To find the equation of the circle that passes through the point (2, 3) and touches the line \(2x + 3y = 4\) at the point (2, 0), we can follow these steps: ### Step 1: Identify the general form of the circle The general equation of a circle can be expressed as: \[ (x - h)^2 + (y - k)^2 = r^2 \] where \((h, k)\) is the center of the circle and \(r\) is the radius. ### Step 2: Use the point of tangency Since the circle touches the line \(2x + 3y = 4\) at the point (2, 0), we can express the equation of the circle in the following form: \[ (x - 2)^2 + (y - 0)^2 + \lambda(2x + 3y - 4) = 0 \] where \(\lambda\) is a constant that we will determine. ### Step 3: Substitute the point (2, 3) The circle must pass through the point (2, 3).
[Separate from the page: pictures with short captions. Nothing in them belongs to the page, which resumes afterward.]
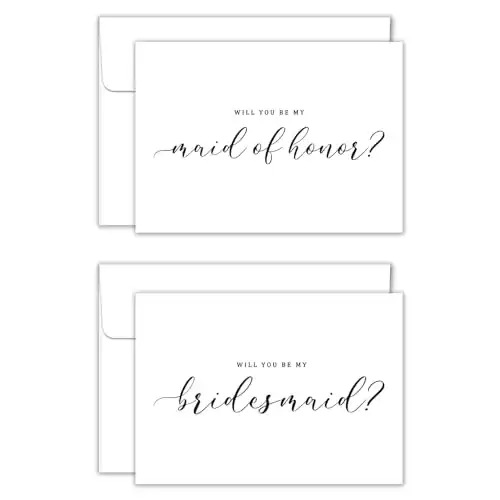 CGBRspacex Will You Be My Bridesmaid Cards (6 Packs), Bridesmaid Proposal Cards, 4 Bridesmaid Cards, 2 Maid of Honor Cards, Wedding Card with 6 Envelopes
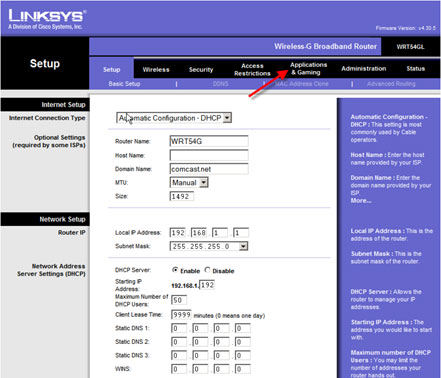 Linksys WRT54G Main Page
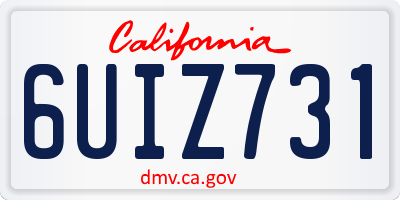 CA license plate 6UIZ731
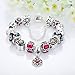 Presentski Fashion Charm Bracelet for Teen Girls and Women with Flower Themed Charms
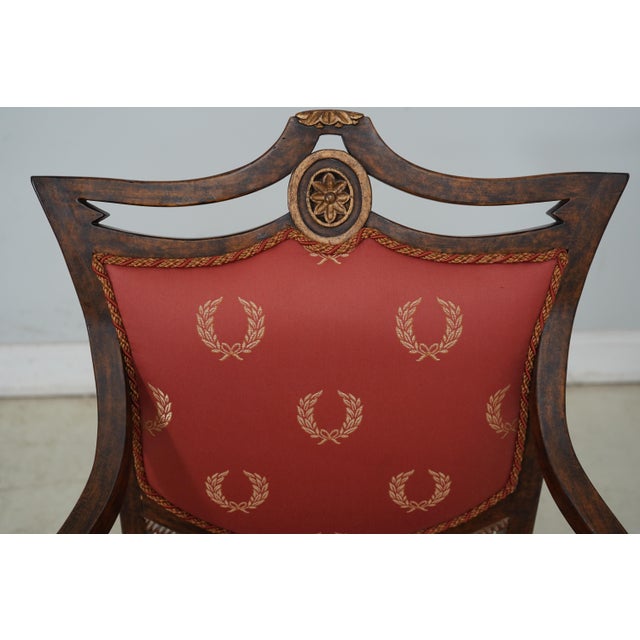 1990s Pair Minton Spidell Regency Style Upholstered Armchairs For Sale - Image 5 of 12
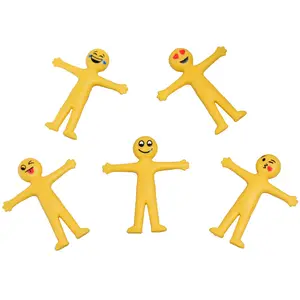 Mini yellow doll houses kids toy Smile face elastic reborn rubber doll fidget toys decompression toy stretch figure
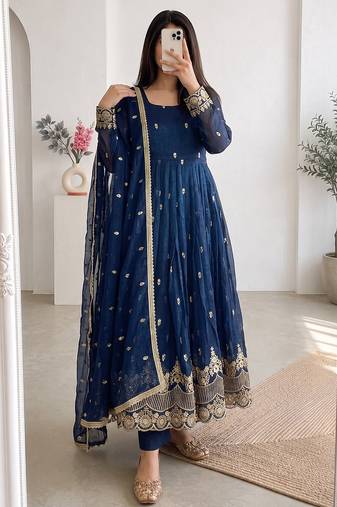 Teal crunchy silk embroidered sequins work anarkali kurta set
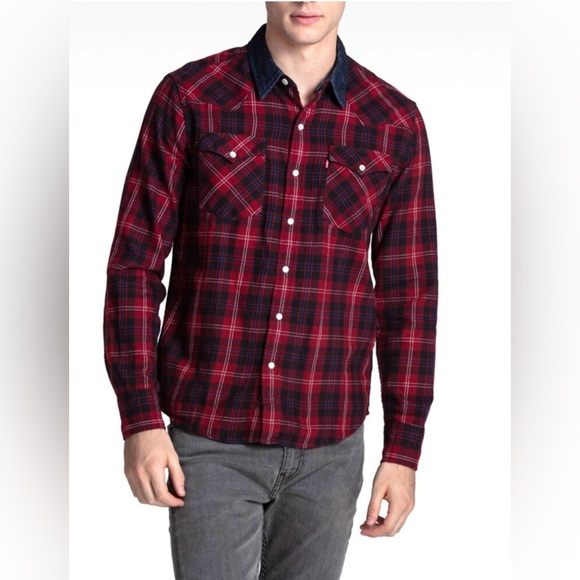 Levi’s Pearl Snap Red Plaid Denim Collar Mid-weight Long Sleeve Size Medium - Picture 1 of 9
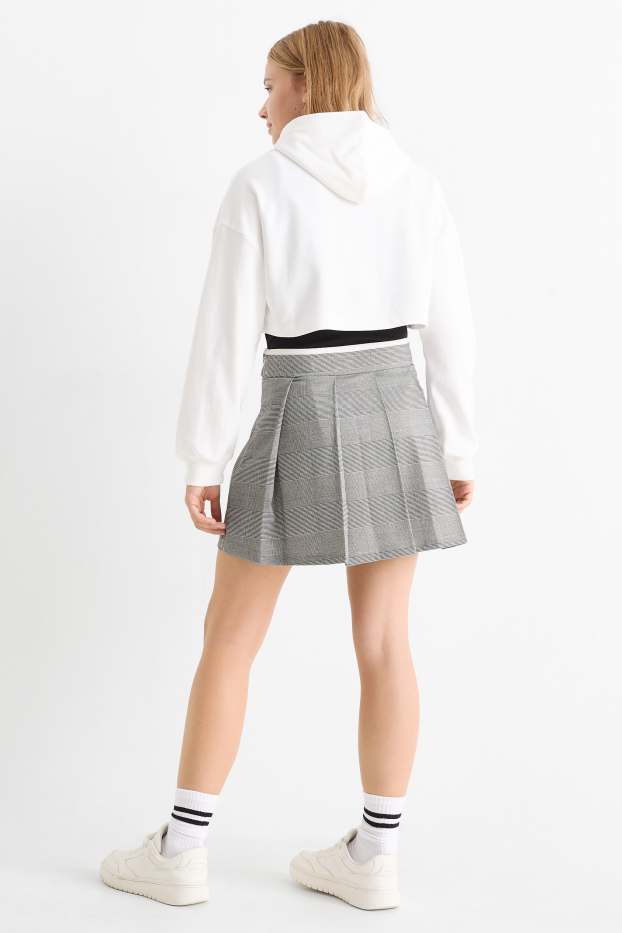 Children Girls - Skirt - check - white / black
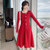 MISS LISA名媛气质红色打底裙子法式大摆修身针织长袖连衣裙C358(红色 XL)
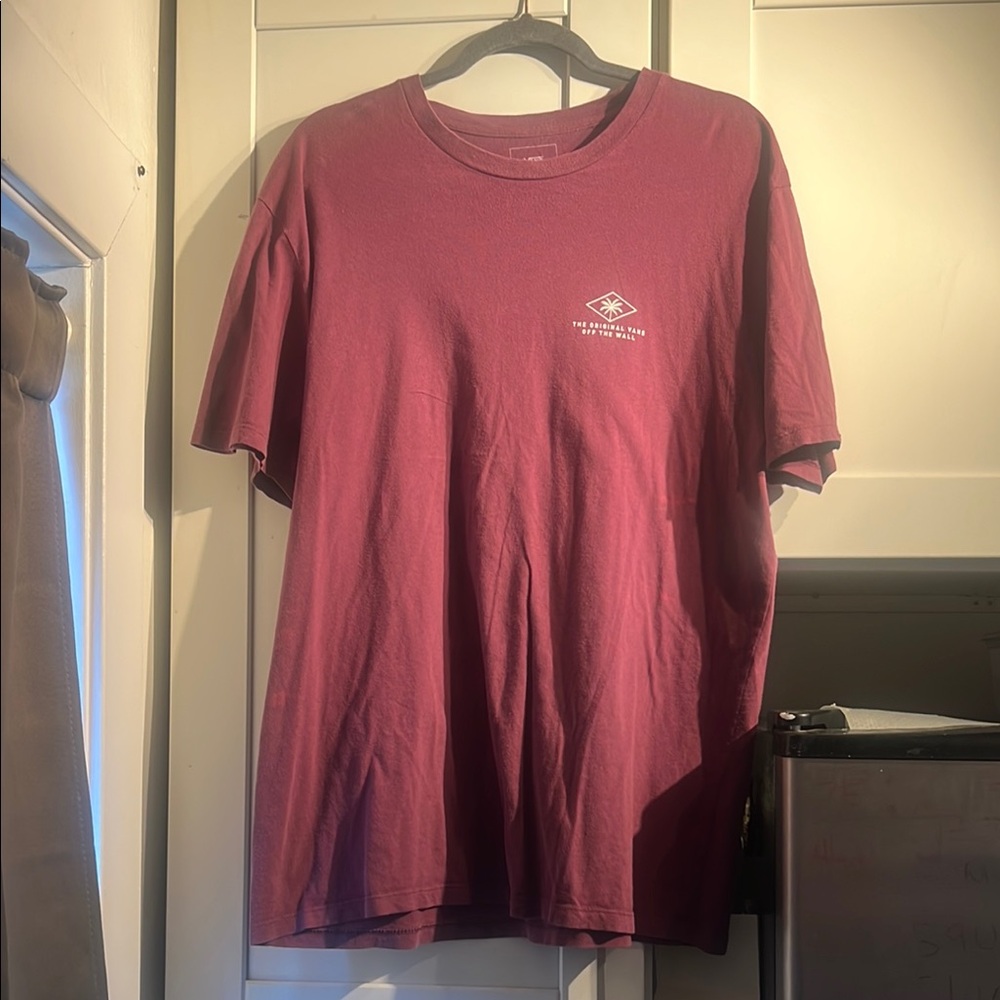 Vans Red Short Sleeve Tee Casual Crew Neck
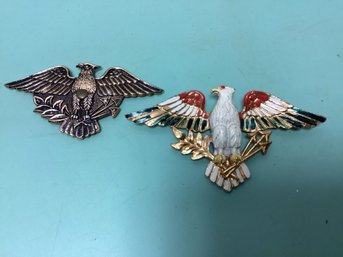 Pair Of American Eagle Vintage Pins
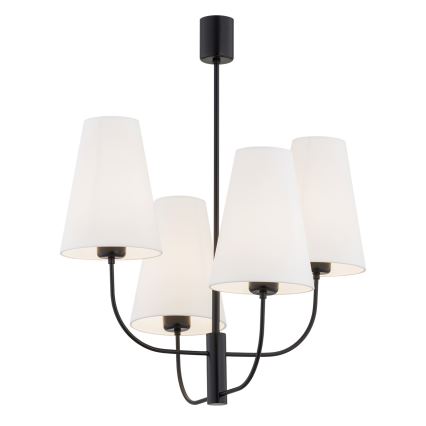 Argon 1822 - Candelabro suspenso SAFIANO 4xE27/15W/230V preto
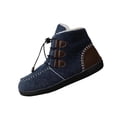 thumbnail image 1 of Xfvqtps Thermal Winter Boots for Women Fashion High Top Elastic Ankle Boots Warm Fleece Lined Slip Resistant Flat Shoes Outdoor Indoor Casual Wear Navy, 1 of 9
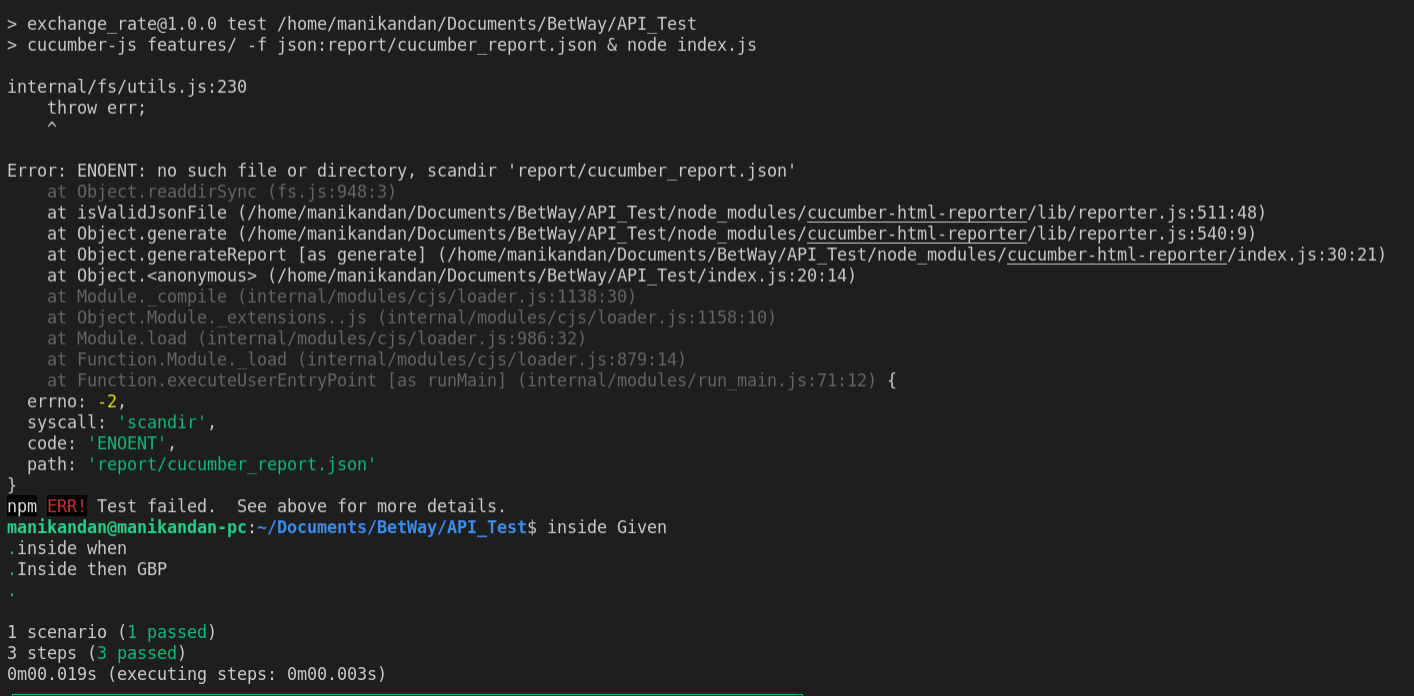 It is trying to generate html report before starting the execution and throwing error as there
We substitute \(x = 2\) and \(y = 3\) into the equation: \[ (2 - 2)^2 + (3 - 0)^2 + \lambda(2(2) + 3(3) - 4) = 0 \] This simplifies to: \[ 0 + 9 + \lambda(4 + 9 - 4) = 0 \] \[ 9 + 9\lambda = 0 \] ### Step 4: Solve for \(\lambda\) From the equation \(9 + 9\lambda = 0\), we can solve for \(\lambda\): \[ 9\lambda = -9 \implies \lambda = -1 \] ### Step 5: Substitute \(\lambda\) back into the circle equation Now we substitute \(\lambda = -1\) back into the circle equation: \[ (x - 2)^2 + y^2 - (2x + 3y - 4) = 0 \] This simplifies to: \[ (x - 2)^2 + y^2 - 2x - 3y + 4 = 0 \] ### Step 6: Expand and rearrange the equation Expanding \((x - 2)^2\): \[ x^2 - 4x + 4 + y^2 - 2x - 3y + 4 = 0 \] Combining like terms gives: \[ x^2 + y^2 - 6x - 3y + 8 = 0 \] ### Final Equation of the Circle Thus, the equation of the circle is: \[ x^2 + y^2 - 6x - 3y + 8 = 0 \]